Torna per il quarto anno nella bassa Val Tordino la stagione di eventi promossa dall’associazione Il sogno di Taco, in collaborazione con il Comitato Terra Lieta e l’associazione culturale Gli Sbandati, con un obiettivo chiaro

Mantenere alta l’attenzione contro la realizzazione del quarto lotto della Teramo Mare e valorizzare un’area che, secondo gli organizzatori, rischia di essere compromessa dall’opera. Il filo conduttore dell’intera rassegna è racchiuso nel titolo scelto per l’edizione 2026: “Nn’arsolve ninde”, espressione dialettale dal tono ironico che significa “non risolve niente”. Un messaggio esplicito rivolto proprio al contestato quarto lotto della superstrada, un’infrastruttura di circa sette chilometri a due corsie che, secondo i promotori dell’iniziativa, rappresenterebbe un intervento costoso e poco efficace rispetto alle reali esigenze del territorio. A lanciare la stagione è un breve cortometraggio firmato dal giovane regista Filippo Di Michele e interpretato dagli attori della compagnia teatrale Gli Sbandati, Viviana Casadio, Renato Pisciella e Gaetano Pisciella. Attraverso il linguaggio del paradosso e dell’ironia, il video intende mettere in discussione l’utilità dell’opera, sostenendo che il quarto lotto, così come progettato, non rappresenti la soluzione ai problemi della viabilità locale.
La rassegna prenderà il via il 3 luglio con una degustazione di vini al tramonto guidata da Marina Spina e accompagnata dalla musica dei Decent. Seguiranno tre appuntamenti teatrali: il 18 luglio con “Sarabanda postcomunista” di Irida Gjergji Mero, il 2 agosto con “Il folle volo”, concerto per voce recitante e theremin interpretato da Daniele Di Massimantonio e Davide Grotta, e il 29 agosto con “Io che c’entro – Le canzoni disegnate di Ivan Graziani”, spettacolo della compagnia Gli Sbandati con Francesco Sbraccia.
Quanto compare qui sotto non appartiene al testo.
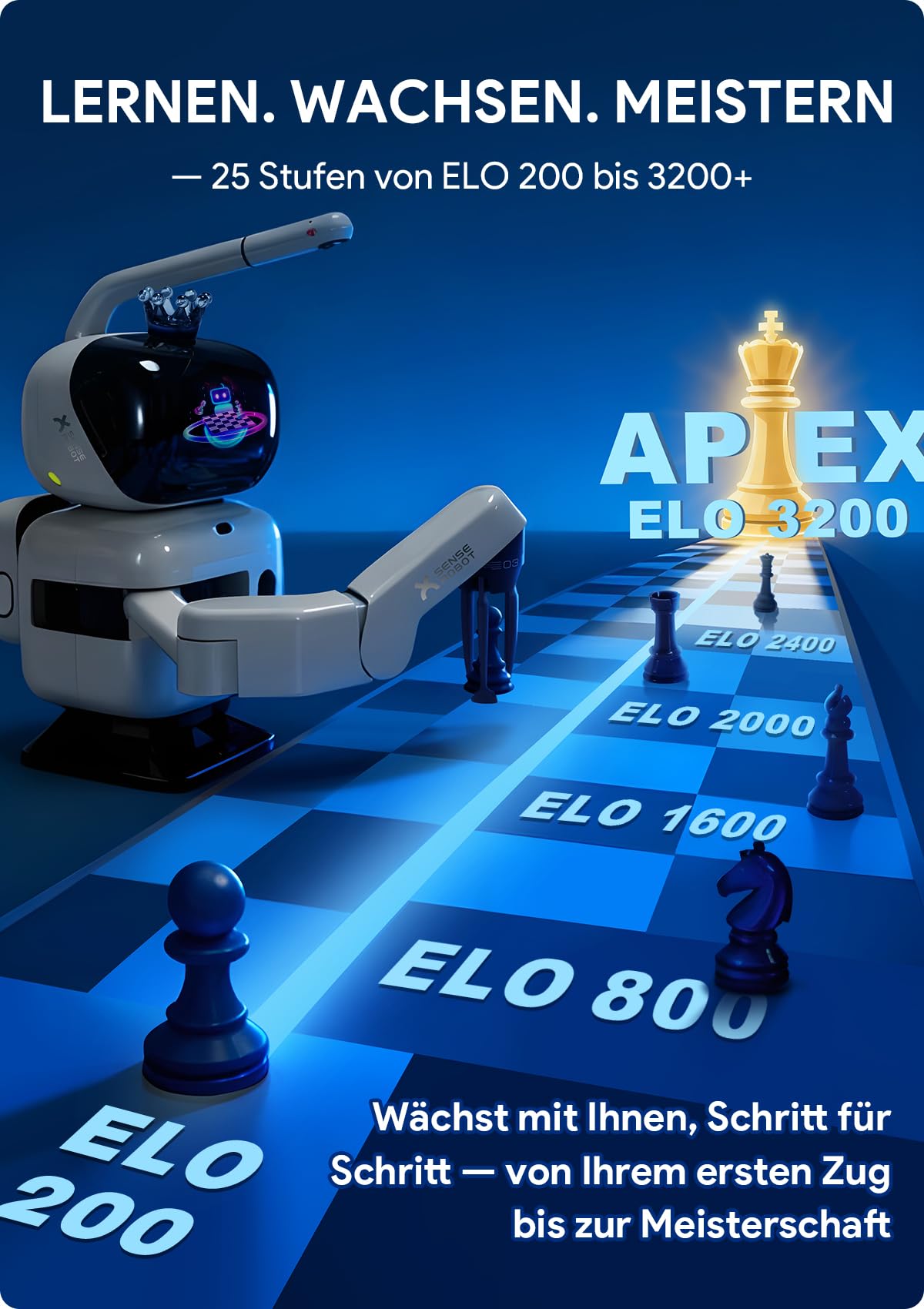 Sense Robot Schachroboter mit KI & Roboterarm – 25 KI-Stufen, 1200+ Übungen, Endspieltrainer, Spielwiederholung, Sprach-Coaching, Lichess-Anbindung, App-Sync, Für alle Spielstärken 3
Accanto agli eventi estivi, spazio anche alla riflessione culturale con il ritorno del Festival T-Greco, dedicato al teatro e alla cultura classica. La manifestazione si svolgerà il 26 e 27 giugno presso il parco eventi Il sogno di Taco a Coste Lanciano e rappresenta una delle principali novità del programma. Dopo l’esordio dello scorso anno, il festival approda in Val Tordino proponendo incontri con studiosi e rappresentazioni teatrali ispirate ai grandi classici.
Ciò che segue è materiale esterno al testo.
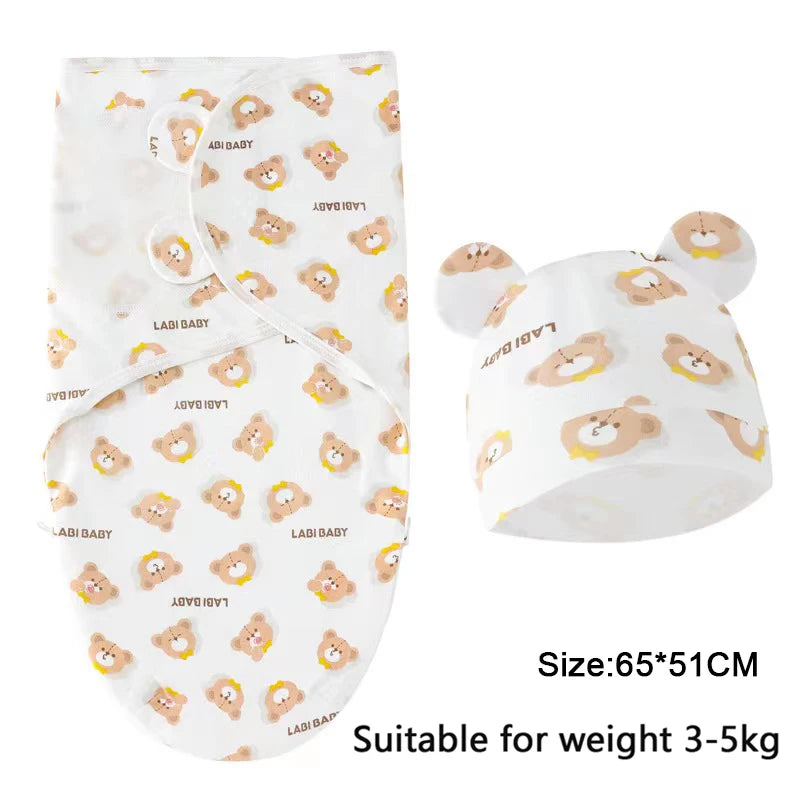 Cartoon Print Swaddle and Hat Set - Cotton Newborn Wrap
Interverranno il poeta e regista Franco Forlizzi e Renzo Tosi, presidente dell’Associazione italiana di cultura classica. In scena gli allievi attori della compagnia Gli Sbandati con adattamenti e riletture di opere come “Orlando Furioso” di Ariosto, “Alcesti” di Euripide e “1984” di George Orwell.
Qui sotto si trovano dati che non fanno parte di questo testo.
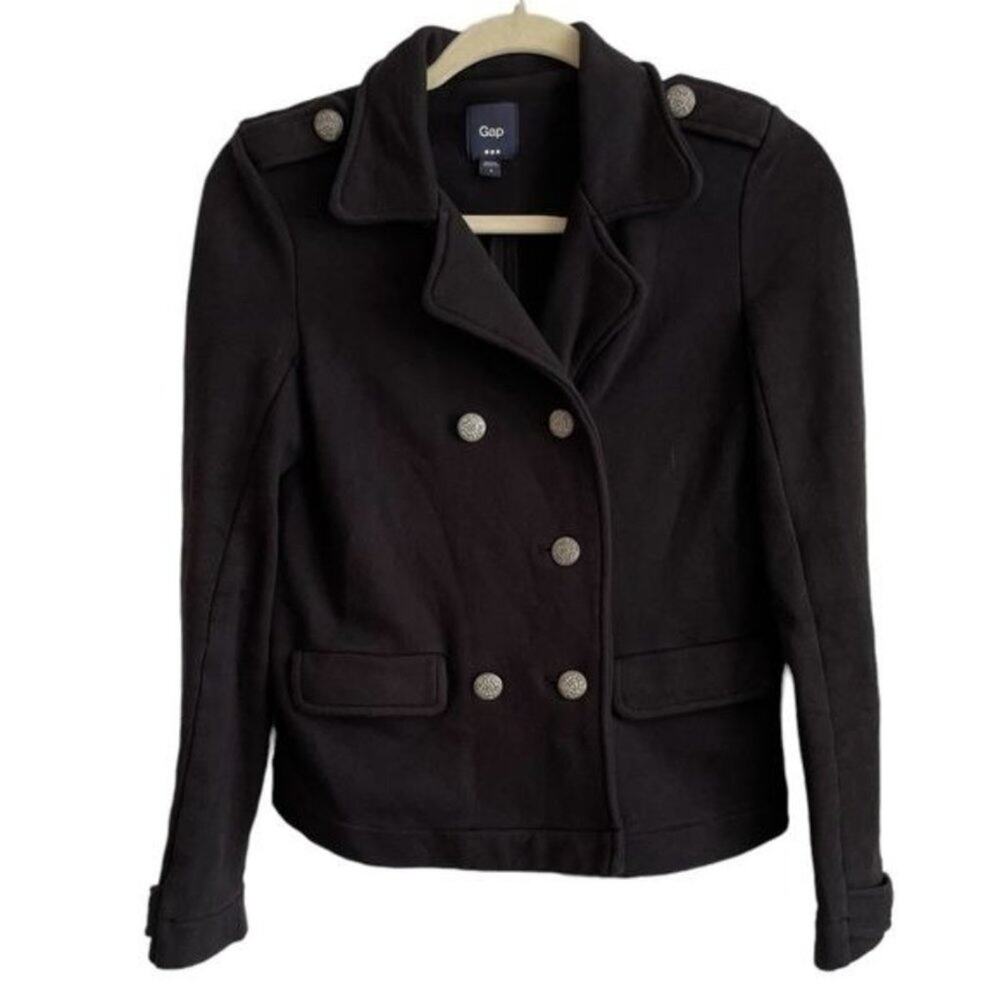 Gap Black Lightweight Jacket Size Small Pea Coat Buttons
Per gli organizzatori, tuttavia, il cartellone culturale rappresenta molto più di una semplice proposta di intrattenimento. Gli appuntamenti diventano infatti uno strumento per raccontare il valore ambientale e paesaggistico della Val Tordino e per ribadire la contrarietà alla realizzazione del quarto lotto della Teramo Mare, considerato una minaccia per un territorio che associazioni e cittadini continuano a difendere attraverso iniziative, incontri e momenti di aggregazione.